Ляля сказала, что не платит, но не надо прикидываться дурочкой и считать в квартплату свет, обои, дрова, уголь и свои наряды.

– А я с вами вообще не хочу разговаривать, – грубо ответила Марина. – Вы еще не мадам Дегтярша, и не надо расписываться за других!

Ляля вся загорелась, было впечатление, что вот-вот начнется катавасия, но, к счастью, товарищ Дегтярь успел опередить:

– Марина Игнатьевна, – обратился он, – если я правильно понял, вы платите за квартиру сто двадцать карбованцев в месяц. Ваш муж, надо полагать, получает не меньше трех тысяч, да вы, как бухгалтер, приносите домой, худо-бедно, рублей семьсот. Так?

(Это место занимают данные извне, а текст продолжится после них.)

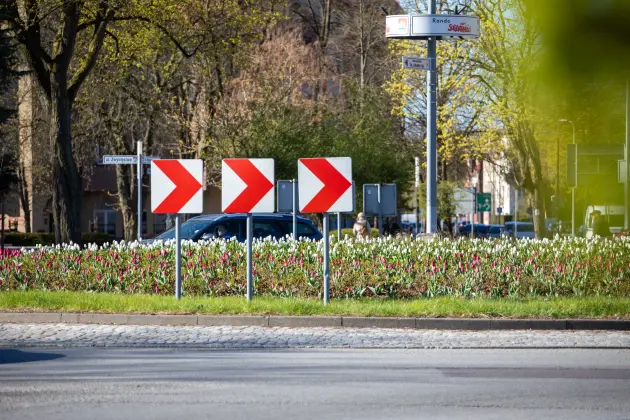 Tulipanowe Rondo Solidarności w biało-czerwonej odsłonie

Марина со своей обычной ухмылкой уставилась на товарища Дегтяря, он немного подождал и попросил всех присутствующих общими силами вычислить, сколько будет один процент от трех тысяч семисот, а затем разделить сто двадцать на полученное число тридцать семь.

Не дожидаясь ответа, товарищ Дегтярь сам подбил итог:

– Итак, имеем три целых и две десятых процента. А в Америке, уважаемая Марина Игнатьевна, рабочий платит за квартиру тридцать процентов, то есть, примерно, в десять раз больше.

– При чем здесь Америка! – развела руками Марина.

– А при том, гражданка Бирюк, – повысил голос товарищ Дегтярь, – что мы представляем себе, как бы вы заголосили, предложи вам платить те же тридцать процентов, то есть тысячу рублей с гаком в месяц!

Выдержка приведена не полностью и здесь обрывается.